Опаснее всего был снайпер. Он, кажется, тоже не спал ни днем, ни ночью. Как-то пытались они к нему подойти в сумерках. Элиасу просто повезло, что рядом был какой-то обломок, наверное, от брони танка, которым он смог прикрыться от пули, летящей ему, он точно знает, прямо в череп.

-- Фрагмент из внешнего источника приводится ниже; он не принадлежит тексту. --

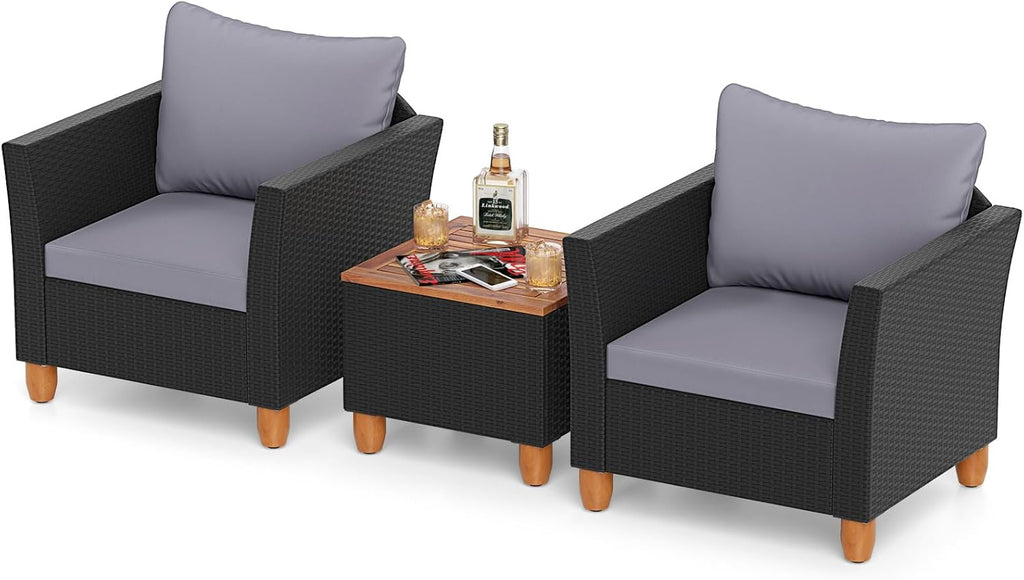 COSTWAY 3 Pieces Patio Rattan Furniture Set, Outdoor Wicker Conversation Chairs Set with Acacia Wood Coffee Table & Washable Cushion, Porch Furniture Bistro Set for Balcony, Garden, Backyard, Grey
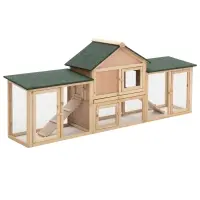 PawHut 83" Wooden Two Story Outdoor Deluxe XL Rabbit Bunny House Hutch Pet Cage(m-1)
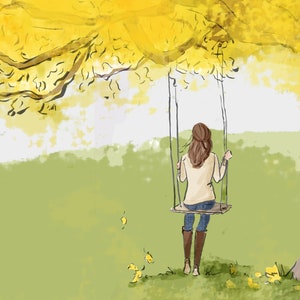 Herbst Kunst Herbst Gelb Oktober Illustration Herbst Kunstdruck: {Herbst} Herbst, Karten Wandkunst, Haus Büro, niedlich und feminin mädchenhaft Dekor}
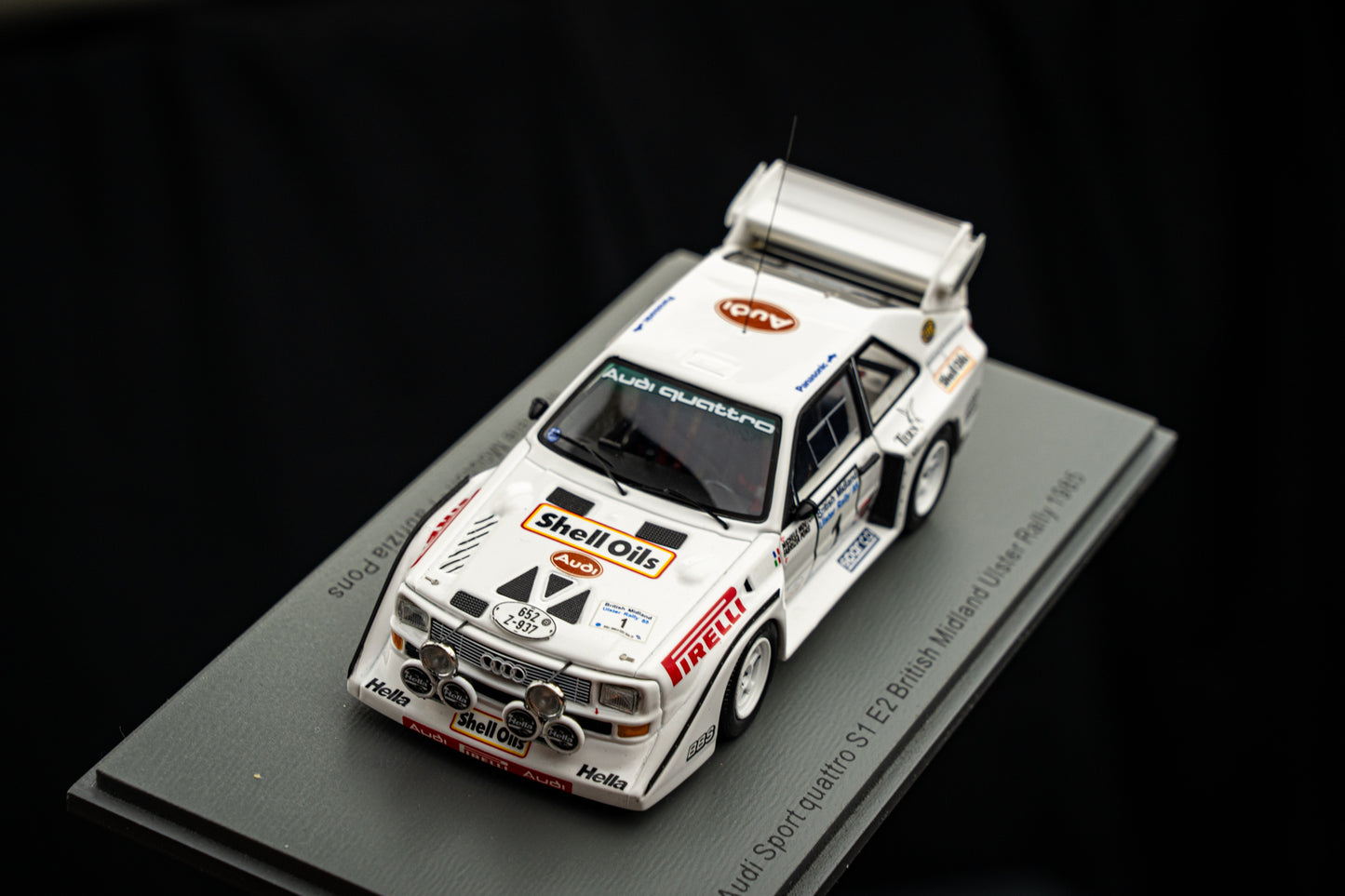 Audi Sport quattro S1 E2 #1 M. Mouton / F. Pons Ulster Rallye 1985 - Spark 1:43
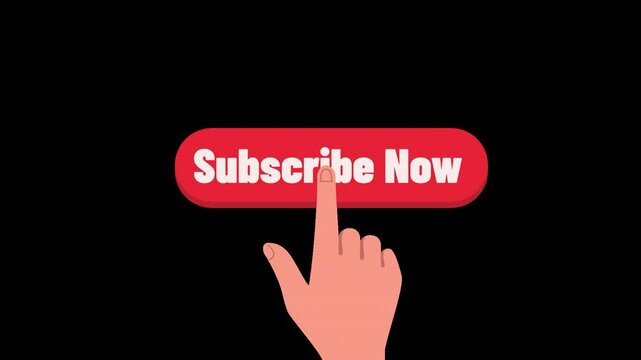 Subscribe Now Button hand tapping  alpha channel background animation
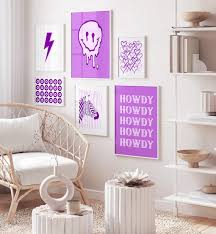 Purple Preppy Wall Art Pack Of 9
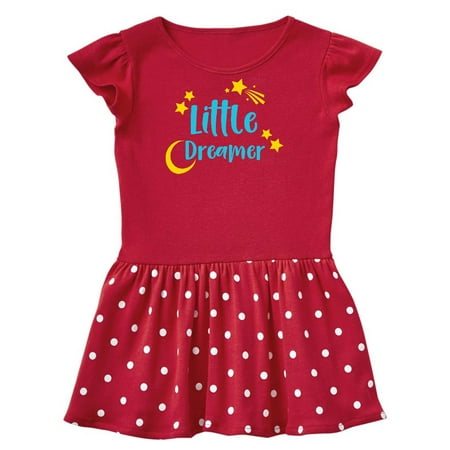 

Inktastic Little Dreamer Moon Shooting Star - Blue Yellow Gift Toddler Girl Dress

И непонятно было, кто кого брал измором. Когда цепь командования со смертью их гауптмана докатилась наконец до него, Кётц думал просто снять ночной караул, отпустить этого демона с винтовкой и его отряд прочь, пусть бегут, но, конечно, сделать он так не мог. Это была бы неполная победа (да и русские, как известно, не сдаются и не бегут из боя) и сослуживцы, с которыми его объединяло и одновременно обременяло слишком многое, пройденное вместе, через огонь, воду и советские пули, не поняли бы. Так всегда бывает. Ты становишься командиром своим друзьям и не можешь хладнокровно им отдавать приказы и распоряжаться их жизнями. Элиас просто хочет, чтобы все они выжили. И для этого, он прекрасно понимает, нужно повязать снайпера. Если возьмут живым, то всех их ждет повышение. Может заслужат хоть пару недель вдали от фронта. Кётцу бы этого хотелось. Он на чужой земле уже почти три чертовых года. Сначала Польша, потом Франция, теперь Россия. Но нигде не было все настолько плохо. Пара месяцев - и бои кончались. А России, кажется, не было конца.
Вот-вот. Еще немного. Совсем чуть-чуть. И будет видна Москва.
Элиас чуть ли не каждый день слышал, что именно сегодня они будут брать столицу. Но каждый раз их что-то останавливало. Русские прятали танки в деревенских домиках. Такой избирательности не стыдно было позавидовать. Доты брать можно было и днями, и часами. Союз не сдавался и, кажется, сопротивлялся еще больше, если его начинали давить сильнее. Надо было отдать этим людям должное - они за каждый клочок земли сражались. Элиас думает, что тоже сражался бы так за родную Германию, и верил, что делает это прямо сейчас. Сражается на чужбине, чтобы его родина могла спать спокойно.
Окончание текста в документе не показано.